WORK TO BE COMPLETED: Line by line, output the material without altering anything.
RECORDED INFORMATION: Begin
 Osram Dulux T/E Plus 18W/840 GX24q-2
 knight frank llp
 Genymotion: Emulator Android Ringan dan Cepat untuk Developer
RECORDED INFORMATION: End
OUTPUT OF THE EXERCISE:
 Osram Dulux T/E Plus 18W/840 GX24q-2
 knight frank llp
 Genymotion: Emulator Android Ringan dan Cepat untuk Developer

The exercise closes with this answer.